--- Brief ---
Give back every entry exactly as it is written, but not the pictures.

───── Information supplied

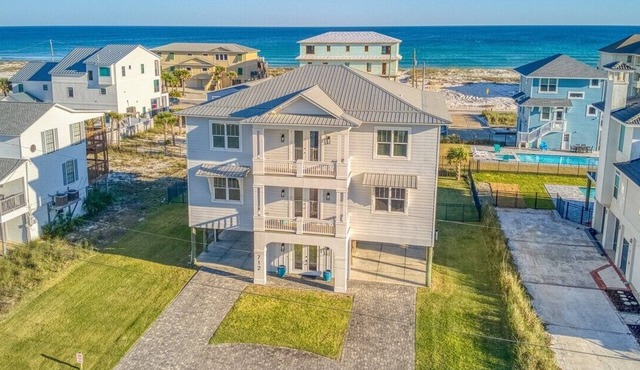 Incredibly Gorgeous Gulf View Home w/Pool; Spacious kitchen. Pets Welcome.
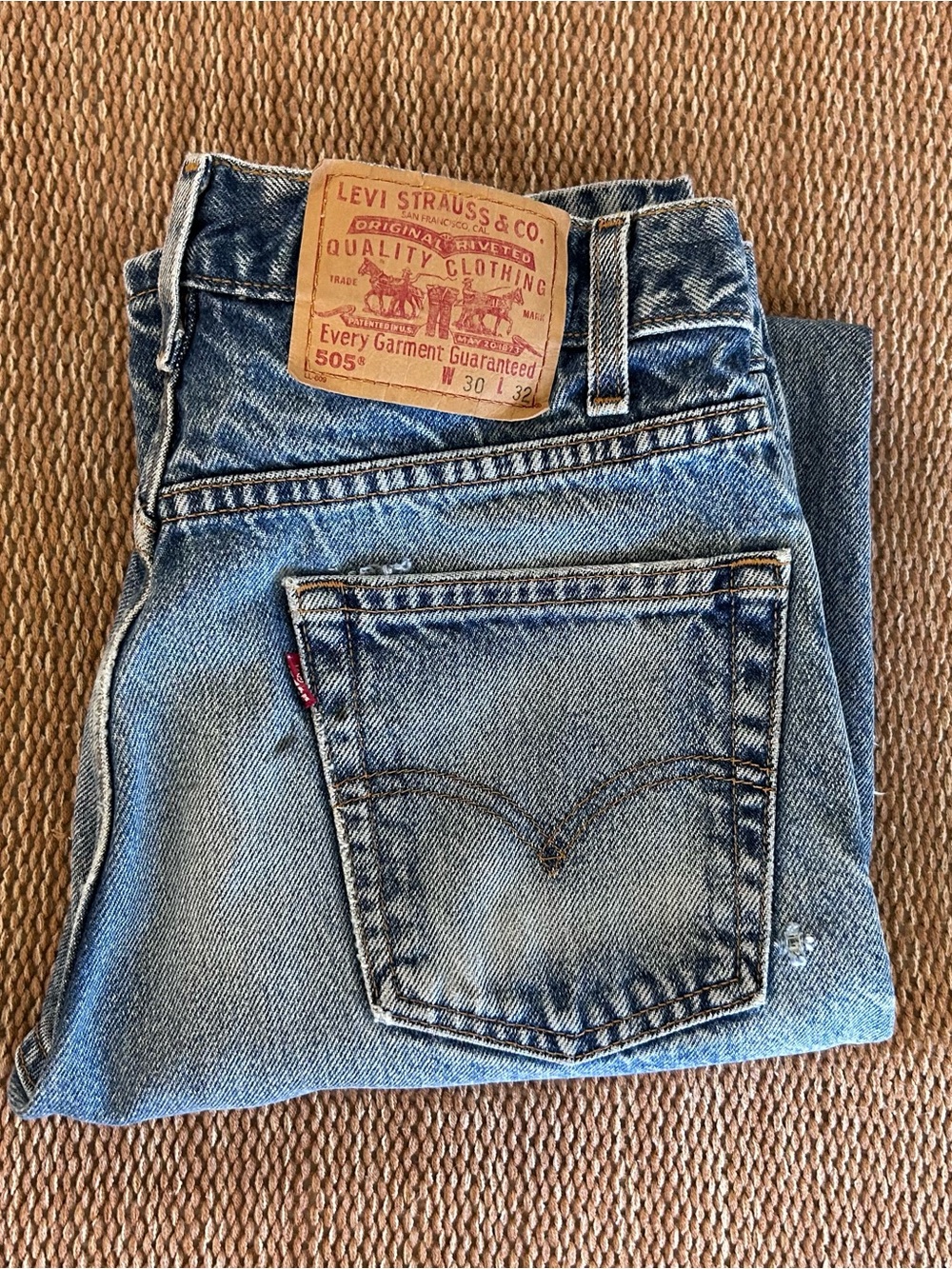 Vintage 2001 Men's Levi's 505's in Light Blue Wash 30 x 32
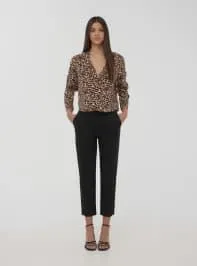 Camicia crop in viscosa animalier Var nero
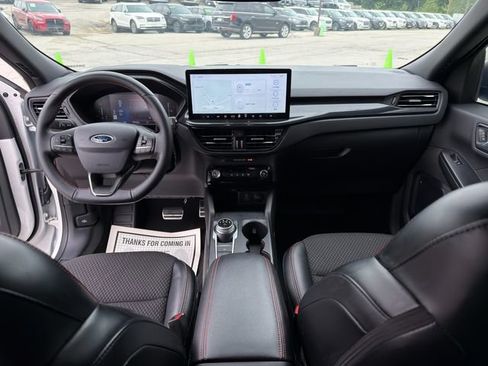 Used 2024 Ford Escape ST-Line w/ Tech Pack #1 FWD image 15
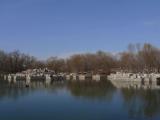[Cliquez pour agrandir : 52 Kio] Pékin - Parc Yuanmingyuan : ruines de bâtiments européens de l'ancien palais d'été.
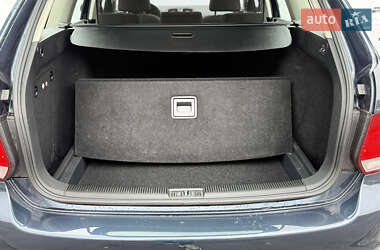 Універсал Volkswagen Golf 2010 в 
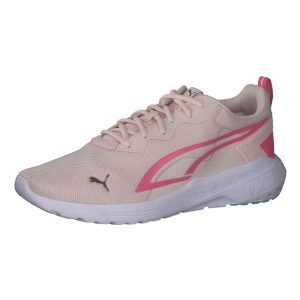 Buty treningowe damskie Puma Allday Active. Czarne buty sportowe Puma, bez wzorów, z gumy, bez zapięcia. Za 251,00 zł.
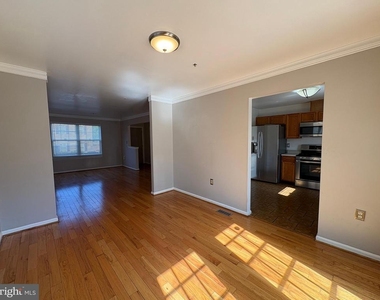 4005 Blakney Lane Se - Photo Thumbnail 8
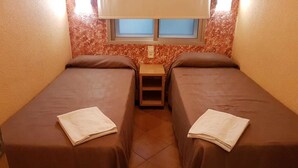 アパートメント 1 ベッドルーム コートヤードビュー | 1 室のベッドルーム、デスク、アイロン / アイロン台、ベビーベッド (無料)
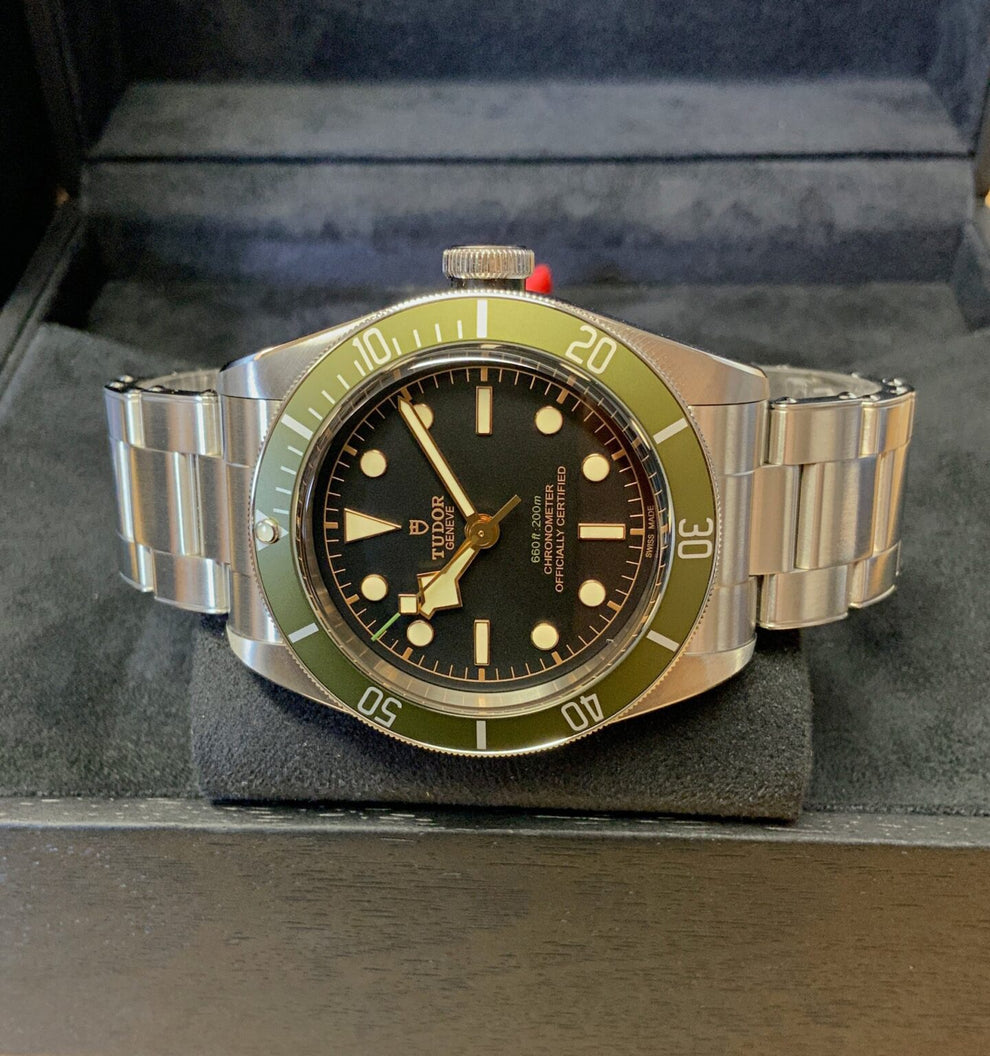 Tudor Heritage Black Bay Harrods Green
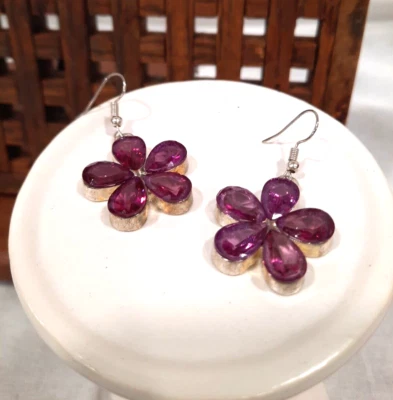 Amethyst colored Earrings Flower Daisy's Faceted Purple Glass Pierced - Image 1 of 4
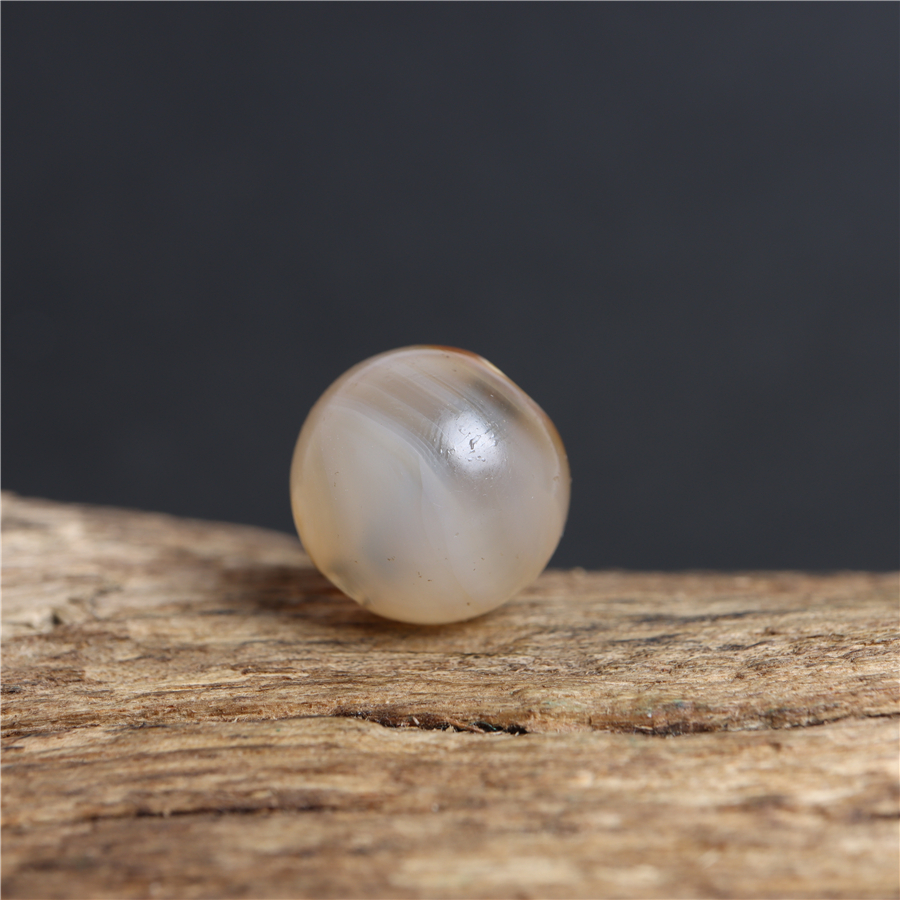 〓老〓西藏清代天然老玛瑙古珠嫩色缠丝玛瑙文玩念珠项链手串配珠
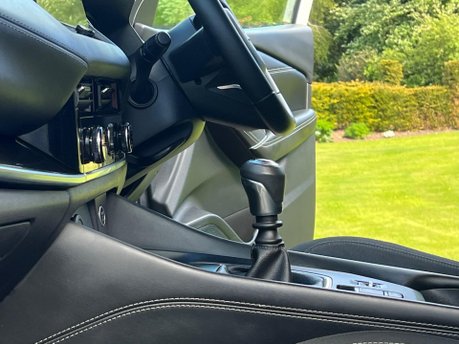 Nissan Qashqai DIG-T N-CONNECTA MHEV 21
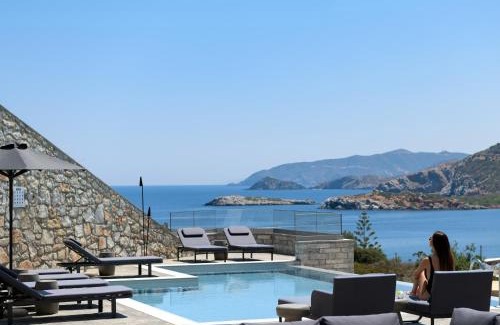 Bali Villa | ViveVerde Villa: Pools, Ocean Views & Steps to Beach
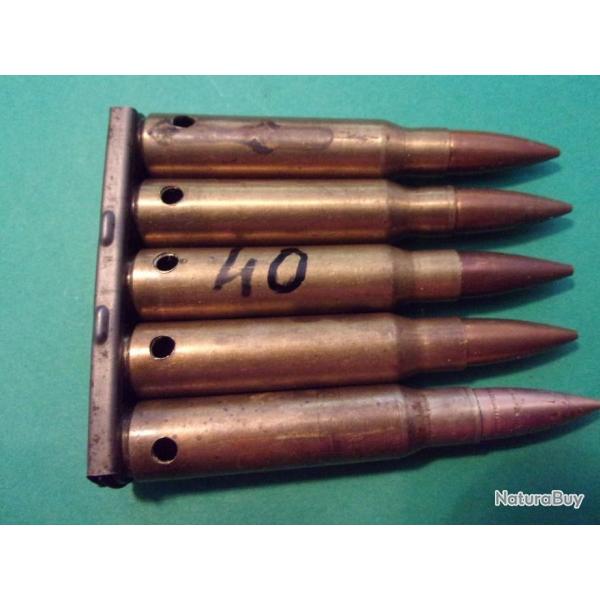 1 Clip avec 5 munitions 7,5x54 MAS de 40 tui laiton, balle blinde cuivre, neutralise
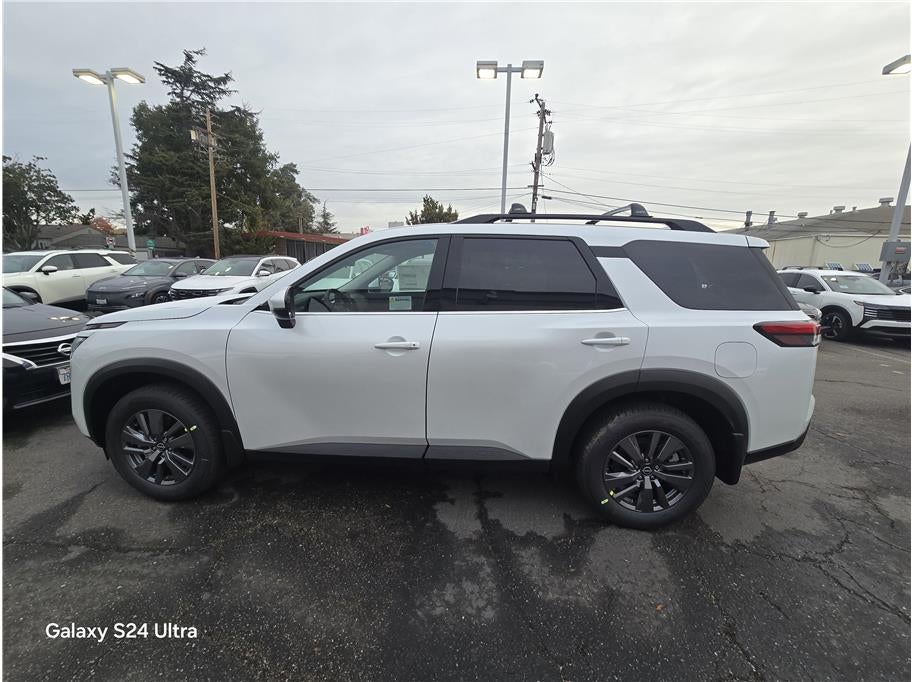 2025 Nissan Pathfinder SV Sport Utility 4D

──────────

--- Completed task ---
 Incredibly Gorgeous Gulf View Home w/Pool; Spacious kitchen. Pets Welcome.
 Vintage 2001 Men's Levi's 505's in Light Blue Wash 30 x 32
 Camicia crop in viscosa animalier Var nero
 Used 2024 Ford Escape ST-Line w/ Tech Pack #1 FWD image 15
[Cliquez pour agrandir : 52 Kio] Pékin - Parc Yuanmingyuan : ruines de bâtiments européens de l'ancien palais d'été.
 Універсал Volkswagen Golf 2010 в 
 Buty treningowe damskie Puma Allday Active. Czarne buty sportowe Puma, bez wzorów, z gumy, bez zapięcia. Za 251,00 zł.
 4005 Blakney Lane Se - Photo Thumbnail 8
 アパートメント 1 ベッドルーム コートヤードビュー | 1 室のベッドルーム、デスク、アイロン / アイロン台、ベビーベッド (無料)
 Tudor Heritage Black Bay Harrods Green
 Amethyst colored Earrings Flower Daisy's Faceted Purple Glass Pierced - Image 1 of 4
 〓老〓西藏清代天然老玛瑙古珠嫩色缠丝玛瑙文玩念珠项链手串配珠
 Nissan Qashqai DIG-T N-CONNECTA MHEV 21
 Bali Villa | ViveVerde Villa: Pools, Ocean Views & Steps to Beach
 1 Clip avec 5 munitions 7,5x54 MAS de 40 tui laiton, balle blinde cuivre, neutralise
 2025 Nissan Pathfinder SV Sport Utility 4D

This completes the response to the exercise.